That story and those relationships are the fabric of the album which is heart-breaking to listen to, for suffering and death are everywhere in it. But Stevens doesn’t whine or sulk. He loves. He forgives. And not with an easy wave of the hand as if it doesn’t matter. His tenderness toward his mother reminds me of James Houston’s words: “To be an adult is to acknowledge how much your parents messed you up. To be mature is to forgive them.
Along with dealing with abandonment, Stevens also expresses times of self-rejection in the album and times of confession. The barest of these is the simple, “F*** me, I’m falling apart” from the song “No Shade in the Shadow of the Cross.”
And no, there is no shade in the shadow of the cross. The cross is exposure. Just as Jesus was exposed, so are we.

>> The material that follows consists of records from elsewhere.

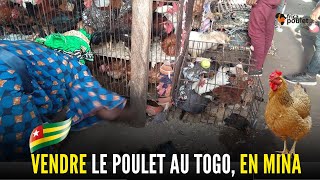 (TOGO J -4) COMMENT VENDRE le POULET GOLIATH au TOGO, Ahépé (préf./YOTO) Elevage du poulet local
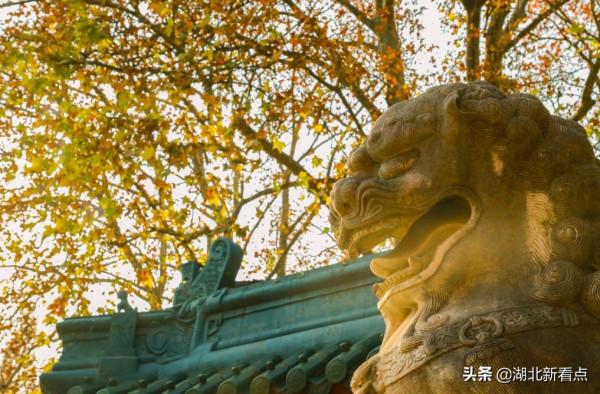 秋天最美的7大城市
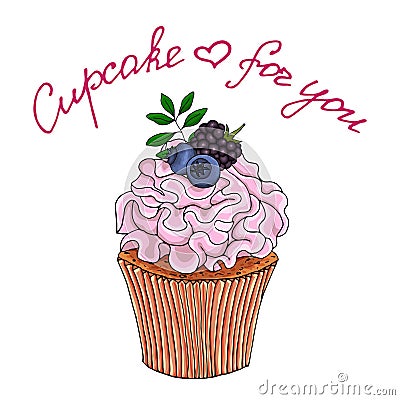 Illustration of a cupcake decorate with pink cream and blueberries, blackberry, isolated on a white background Vector Illustration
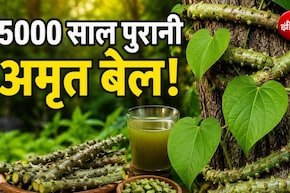 5000 साल से भी ज्यादा पुरानी है ये जड़ी-बूटी, 1 नहीं 100 से ज्यादा बीमारियों में आती है काम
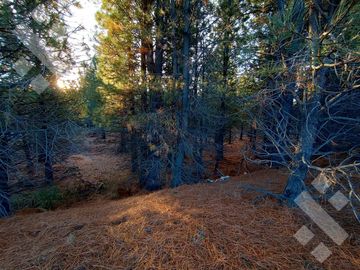 Venta 2 hectáreas - Zona aeropuerto - San Martin de los Andes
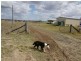 485 Wondai Proston Road, Wondai QLD 4606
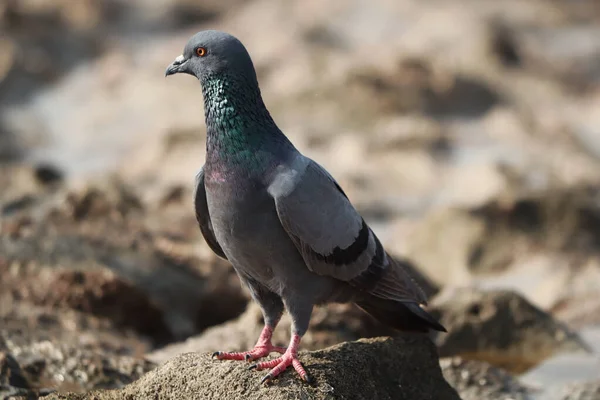 Närbild Stenduva Som Står Marken Och Tittar Bort — Stockfoto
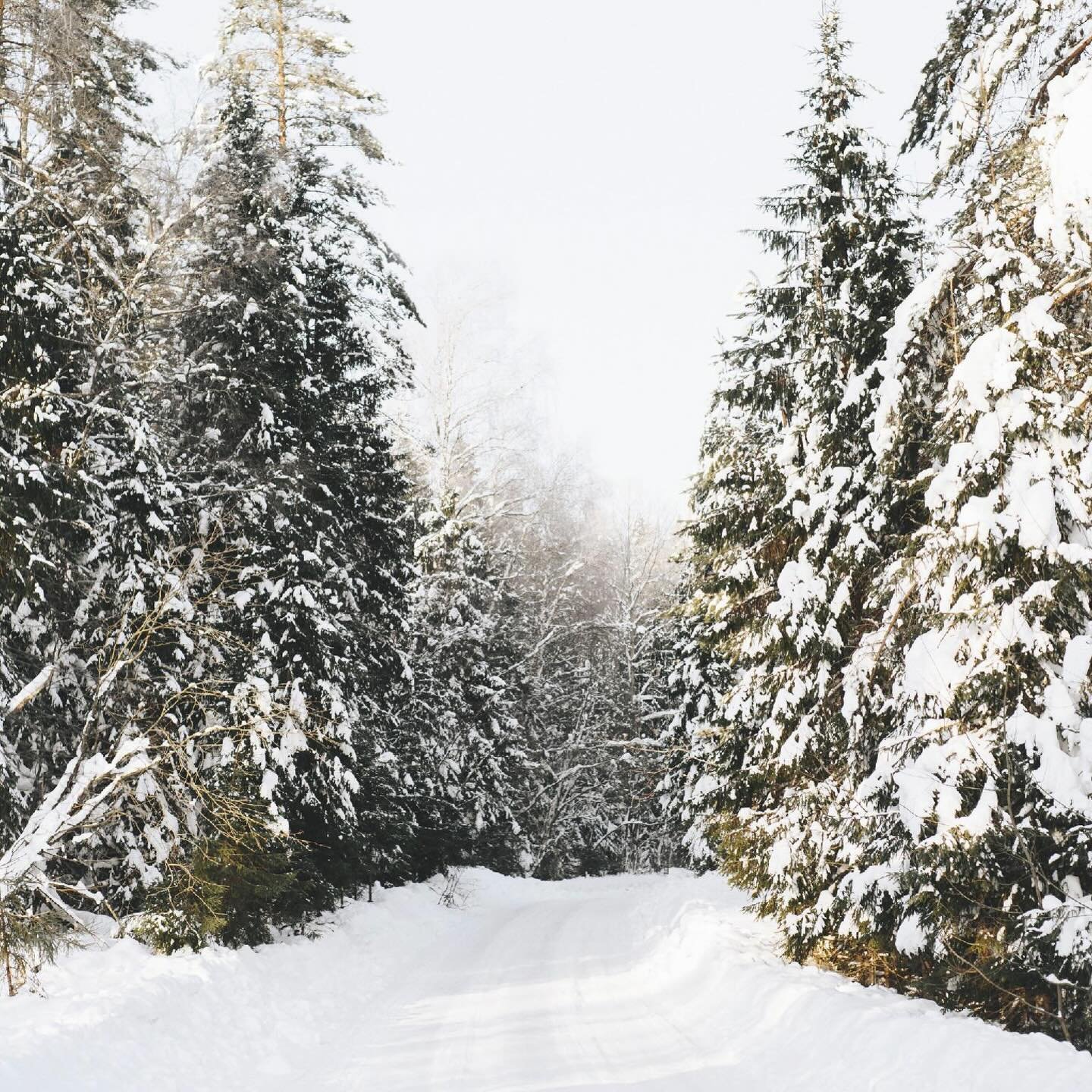 Snow day! ❄️✨

We&rsquo;re pressing pause today to keep everyone safe and cozy. Take the extra rest, enjoy the magic, and we&rsquo;ll be back at it together tomorrow.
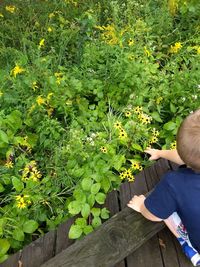 Rear view of boy holding plants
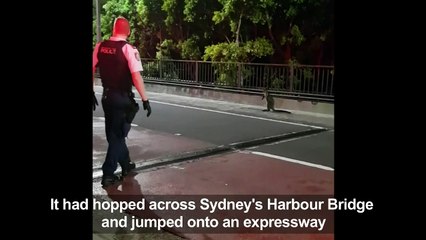 Wild wallaby leads Aussie cops on hop-speed chase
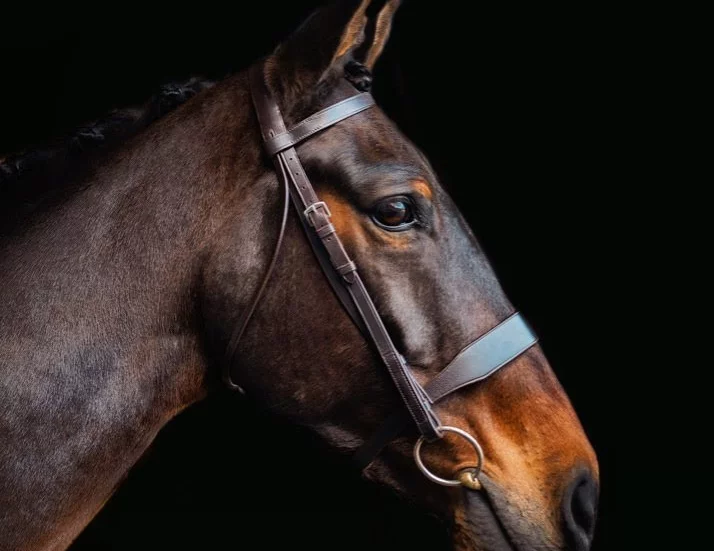Cameo Core Collection Hunt Bridle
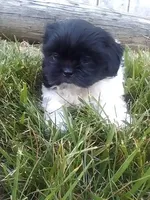 Parker , a male Shih Tzu for sale in Barnegat, NJ – 3 of 3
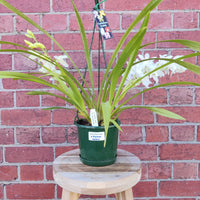 Orchid - Cymbidium White - 3 flower spikes - 18cm Hanging Basket Folia House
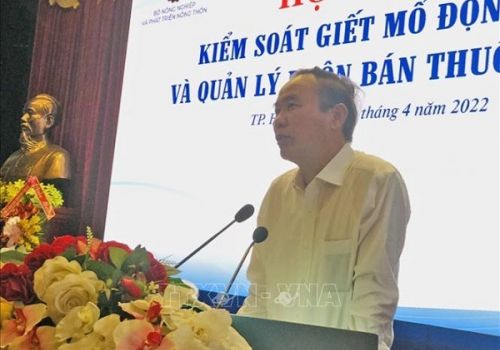 Tăng cường quản lý buôn bán thuốc thú y và kiểm soát giết mổ động vật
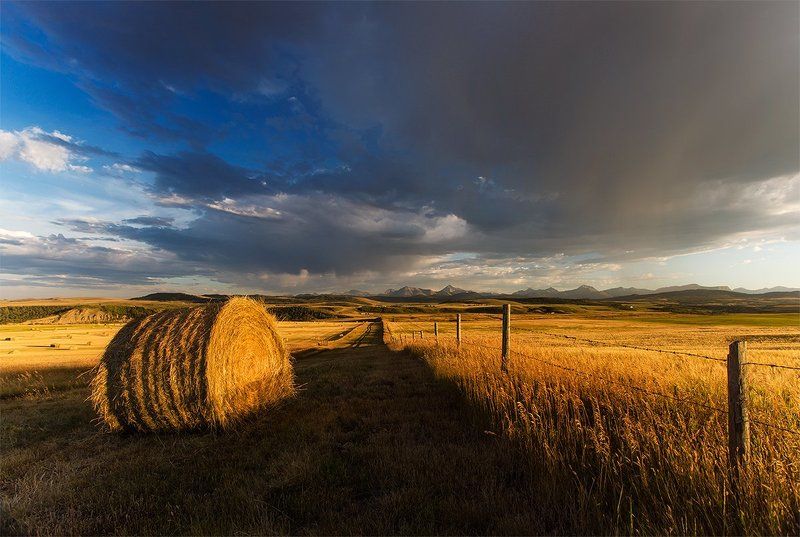 Провинциальноеphoto preview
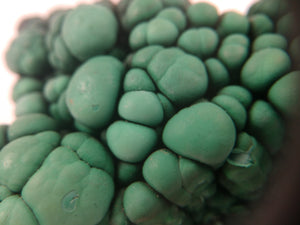 Botryodial Malachite, Congo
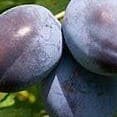 prune violette 1Kg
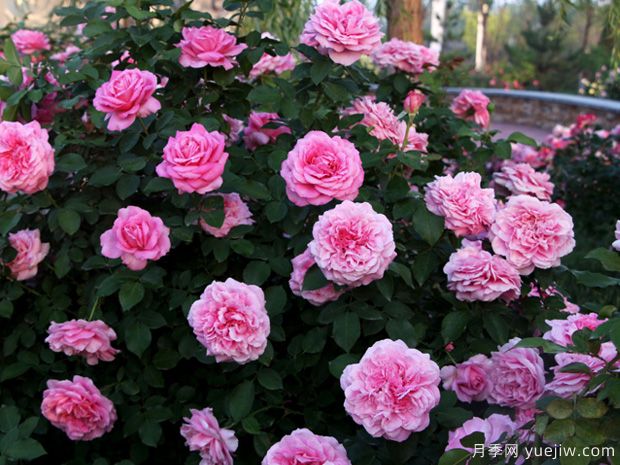 醉红颜月季(图3)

And Stevens shows us what that looks like with an honesty that isn’t exhibitionist. But even with the brutal moments of the album, there are its beautiful moments. Musically and vocally, there is a yearning that is aching and lovely at the same time. Often, the two are woven together lyrically as in the closing lines of “John My Beloved” — “Jesus, I need you be near me/Come shield me from fossils that follow my head/There’s only a shadow of me/In a matter of speaking I’m dead.” And again in the last lines of “Blue Bucket of Gold,” the final song of the album — “Lord, touch me with lightning/Raise your right hand/Tell me you’ll want me in your life/Or raise your red flag/Just when I want you in my life.”
In those lines, during this Holy Week, I hear echoes of Jesus on the cross. At one point he takes care of his mother and at another, he says, “I thirst.” At one point, he cries out, “My God, my God, why have you forsaken me?” and at another he trustingly breathes, “Into your hands, I commit my spirit.” Love and pain, anguish and trust. The whole human experience is here. None of it left out. All of it redeemable. All of it redeemed.